Pokazać seks bez pokazywania seksu – przed takim zadaniem stanęli twórcy czołówki "Masters of Sex". Efekt można tylko kochać albo nienawidzić, trzeciej możliwości nie ma.
Drobne gesty, bóbr, zadowolony kotek, wyrośnięte muffinki, króliki na baterie, rozkwitające rośliny, dorodne ogórki, pędzące pociągi, rakiety, gejzery, fajerwerki – a w tym wszystkim animowana para, która ewidentnie to zrobiła, kiedy nie patrzyliśmy. Absolutnie uwielbiam czołówkę "Masters of Sex" za to, że jest z jednej strony subtelna i metaforyczna, a z drugiej mocno sugestywna i na swój sposób dosłowna. To cudowna gra skojarzeń, dokładnie tak jak czołówka "Dextera".
Ponieważ czołówka właśnie dostała nominację do Emmy – rywalami są m.in. "Black Sails" i "True Detective", więc niełatwo będzie wygrać – jej historią zainteresował się tygodnik "Time". Historia zaczyna się tak, że Leanne Dare ze studia Elastic (odpowiedzialnego m.in. za czołówki "True Detective", "Game of Thrones" i "The Americans") dostała proste zadanie: stworzyć dowcipną, inteligentną czołówkę, która pasowałaby o serialu opowiadającym o odkrywaniu ludzkiej seksualności.
"Najpierw myślisz o tym co oczywiste: naprawdę ładnych zdjęciach pokazujących seks. Tylko jak sprawić, żeby stało się to interesujące?" – pyta Leanne Dare. Tak to się właśnie zaczęło: od przeglądania nagich fotografii i filmów z lat 50. Dopiero zdjęcie kwiatka zainspirowało ją, żeby pójść w innym kierunku. A kiedy czołówką nowego serialu zainteresowali się jej współpracownicy, wszystko już szybko poszło. Ktoś dorzucił pociąg, ktoś zasugerował, żeby dać węża w trawie.

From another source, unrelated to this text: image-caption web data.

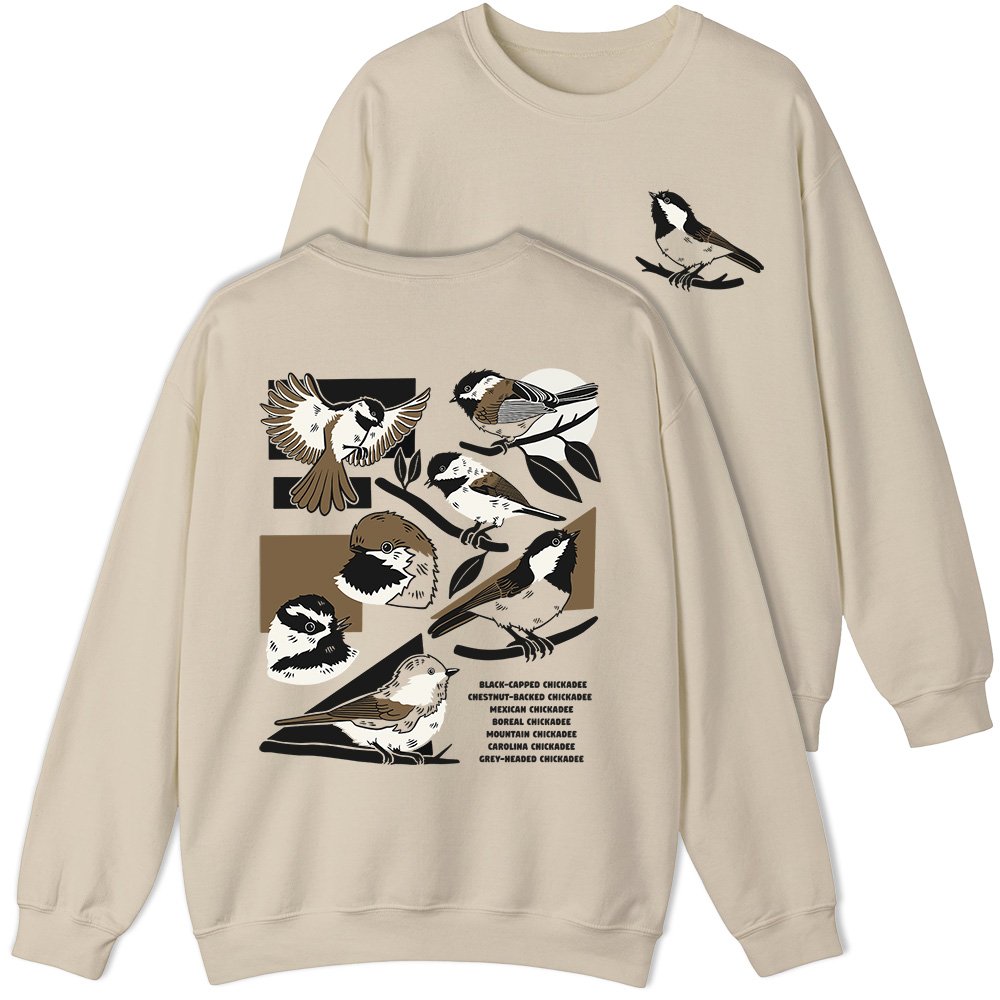 Chickadee Sweatshirt - Front & Back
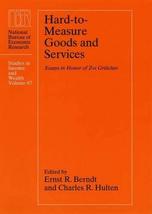 Hard-to-Measure Goods and Services: Essays in Honor of Zvi Griliches (Volume 67) - £74.00 GBP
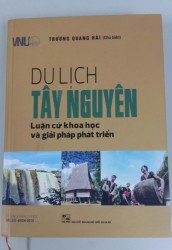 Du lịch Tây Nguyên: Luận cứ khoa học và giải pháp phát triển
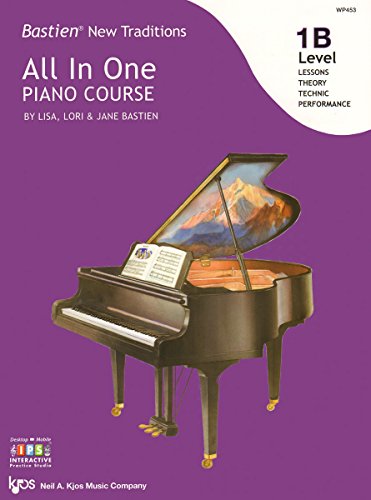 Bastien All in One Piano Course Level 1B (Bastien New Traditions) von Kjos Music Company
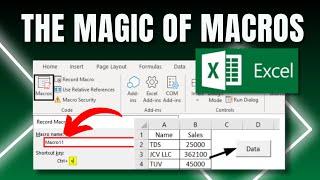 How To Discover The Magic Of Excel Macros For Beginners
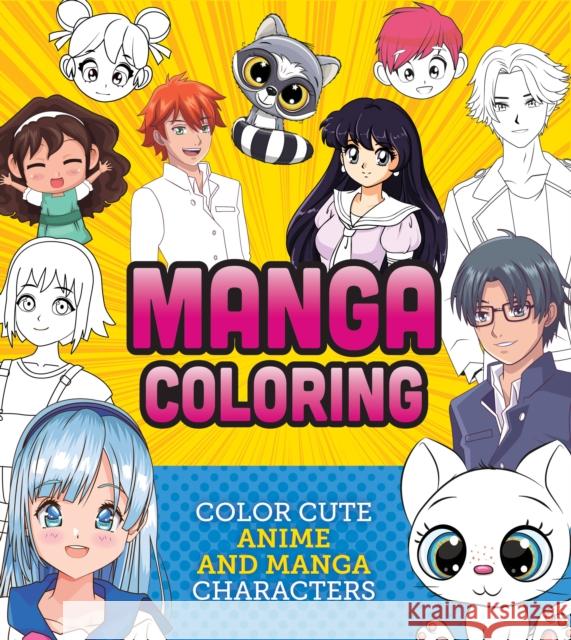 Manga Coloring Book: Color Cute Anime and Manga Characters Editors of Chartwell Books 9780785840862 Chartwell Books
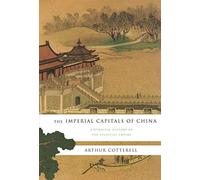 The Imperial Capitals of China: A Dynastic History of the Celestial Empire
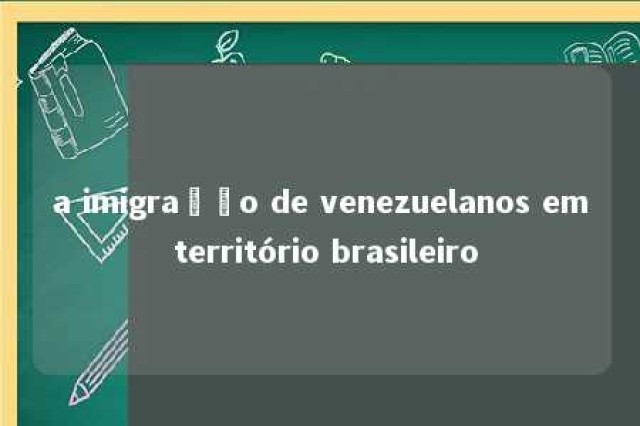 a imigração de venezuelanos em território brasileiro 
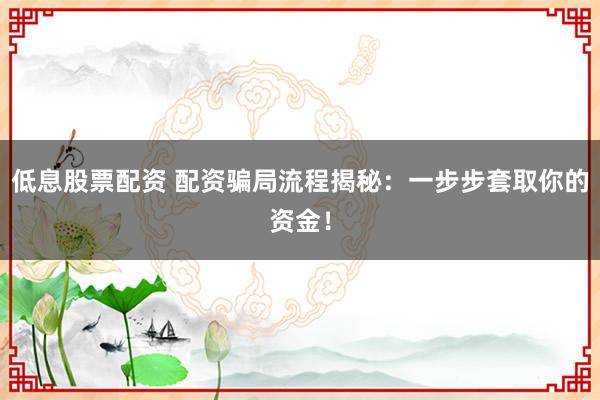 低息股票配资 配资骗局流程揭秘：一步步套取你的资金！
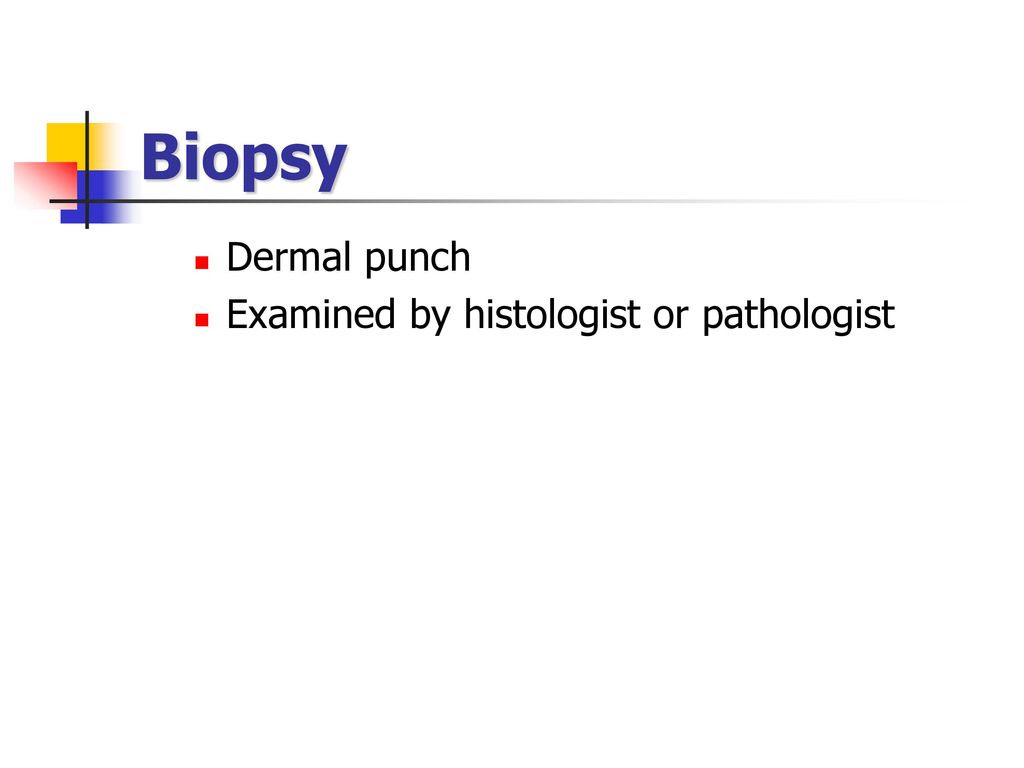 Biopsy Dermal punch Examined by histologist or pathologist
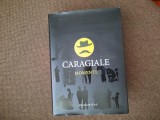 CARAGIALE MOMENTE,EDITIE DE LUX HUMANITAS RF24/2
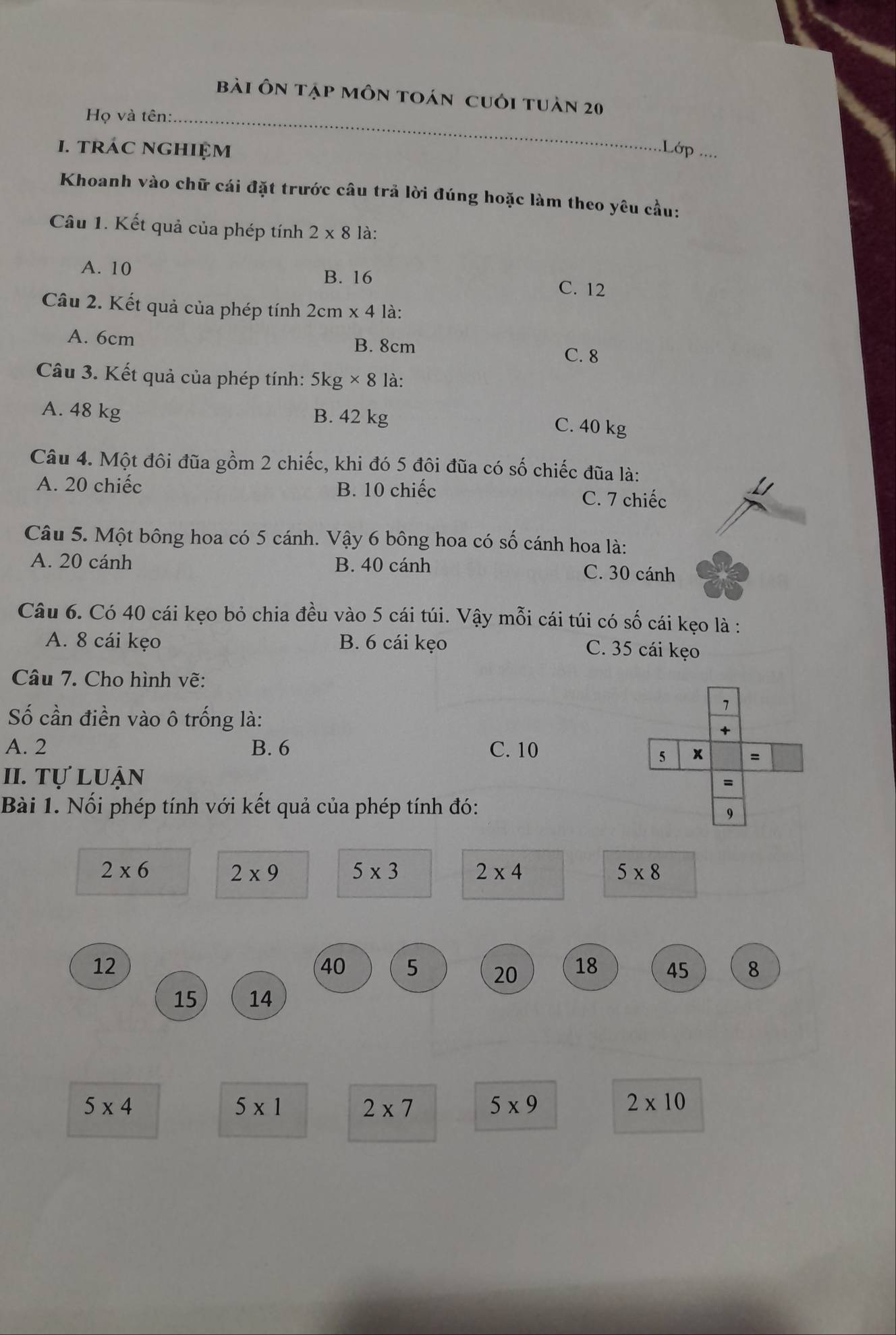 bài ôn tập môn toán cuới tuàn 20
Họ và tên:_
I. tráC nghiệm .Lớp ....
Khoanh vào chữ cái đặt trước câu trả lời đúng hoặc làm theo yêu cầu:
Câu 1. Kết quả của phép tính 2* 8 là:
A. 10 B. 16 C. 12
Câu 2. Kết quả của phép tính 2cm* 4 là:
A. 6cm B. 8cm
C. 8
Câu 3. Kết quả của phép tính: 5kg* 8 là:
A. 48 kg B. 42 kg
C. 40 kg
Câu 4. Một đôi đũa gồm 2 chiếc, khi đó 5 đôi đũa có số chiếc đũa là:
A. 20 chiếc B. 10 chiếc
C. 7 chiếc
Câu 5. Một bông hoa có 5 cánh. Vậy 6 bông hoa có số cánh hoa là:
A. 20 cánh B. 40 cánh C. 30 cánh
Câu 6. Có 40 cái kẹo bỏ chia đều vào 5 cái túi. Vậy mỗi cái túi có số cái kẹo là :
A. 8 cái kẹo B. 6 cái kẹo C. 35 cái kẹo
Câu 7. Cho hình vẽ:
Số cần điền vào ô trống là:
A. 2 B. 6 C. 10
II. tự luận
Bài 1. Nổi phép tính với kết quả của phép tính đó:
2* 6
2* 9 5* 3
2* 4
5* 8
12
40 5 20 18 45 8
15 14
5* 4
5* 1
2* 7
5* 9
2* 10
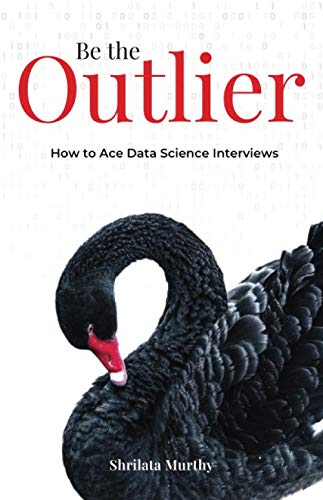 Be the Outlier: How to Ace Data Science Interviews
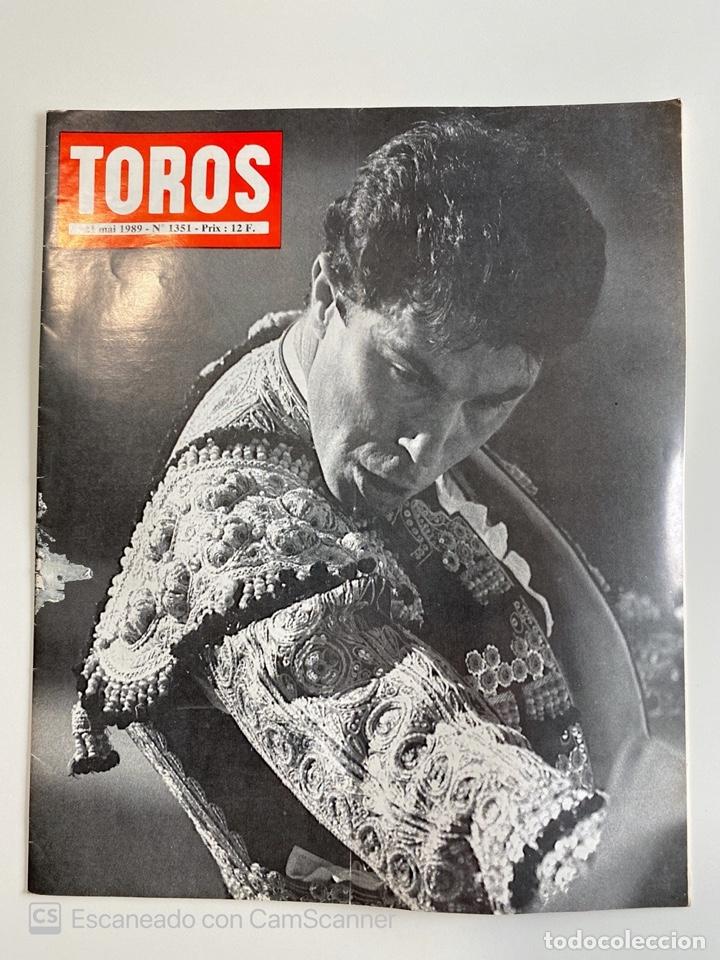Tauromaquia: REVISTA DE TOROS FRANCESA. TOROS. N&ordm; 1351. FERIA DE NIMES. FERIA DE VIC. FRANCIA, 21/05/1989. VER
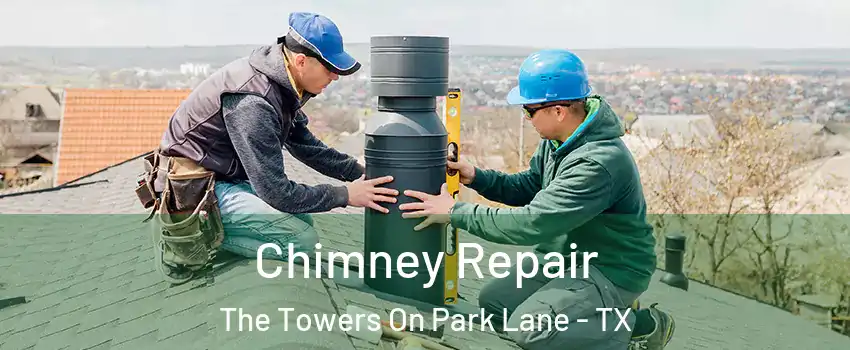 Chimney Repair The Towers On Park Lane - TX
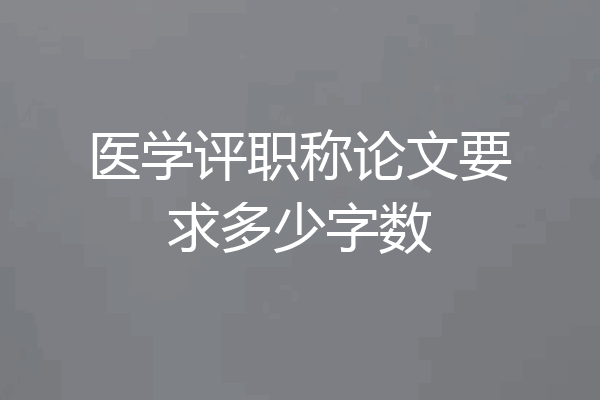 医学评职称论文要求多少字数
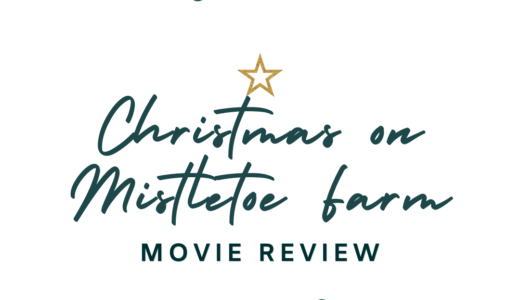 【映画レビュー】Christmas on Mistletoe Farm / ヤドリギ農場のメリークリスマス (2022)：大人は楽しめないかも。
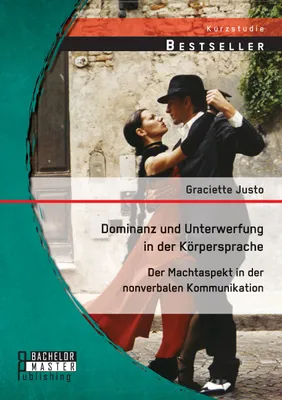 Produktbild von Dominanz und Unterwerfung in der Körpersprache: Der Machtaspekt in der nonverbalen Kommunikation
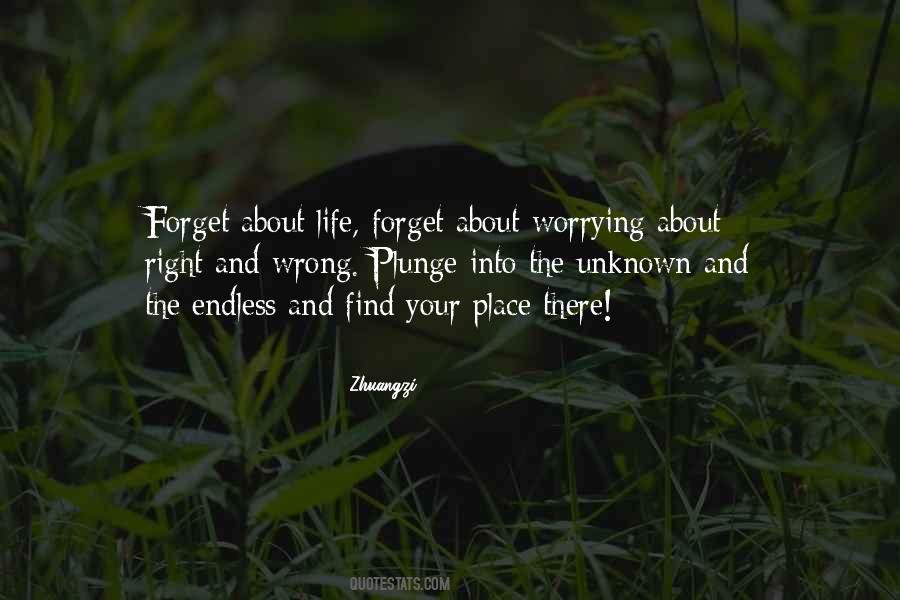 Quotes About Worrying About The Wrong Things #1760397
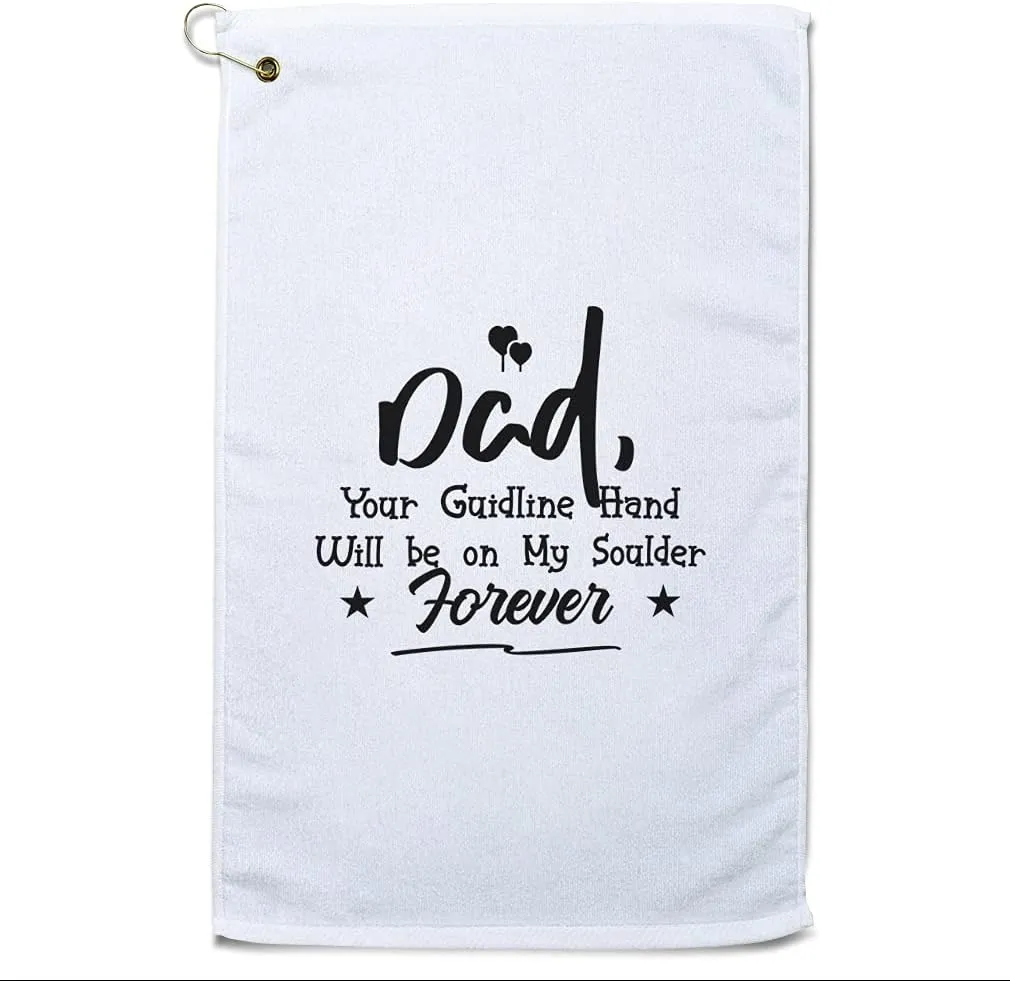 Style In Print Custom Golf Towel Dad Guideline Hand Will Be on My Shoulder Forever Cotton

Pomysłów było coraz więcej i więcej, autorka czołówki rozsyłała maile z pytaniami w rodzaju: "Czy ktoś był na wakacjach w Yellowstone i nakręcił wideo z gejzerem?".
Zanim Michael Penn skomponował motyw muzyczny, który został użyty w czołówce, pracowano przy piosence "Fever" Peggy Lee i montowano wszystko, co ludzie podrzucali. Czołówka "Masters of Sex" zawiera więc mnóstwo małych historii: zadowolony kot należy do jednego ze współpracowników Leanne Dare, ogórek myje recepcjonistka, muffinek miało w ogóle nie być, ale ktoś je przyniósł do pracy.
W efekcie powstała jedna z niewielu czołówek, które mogę oglądać bez końca. I nie mówcie mi, że Wy macie inaczej, bo nie uwierzę.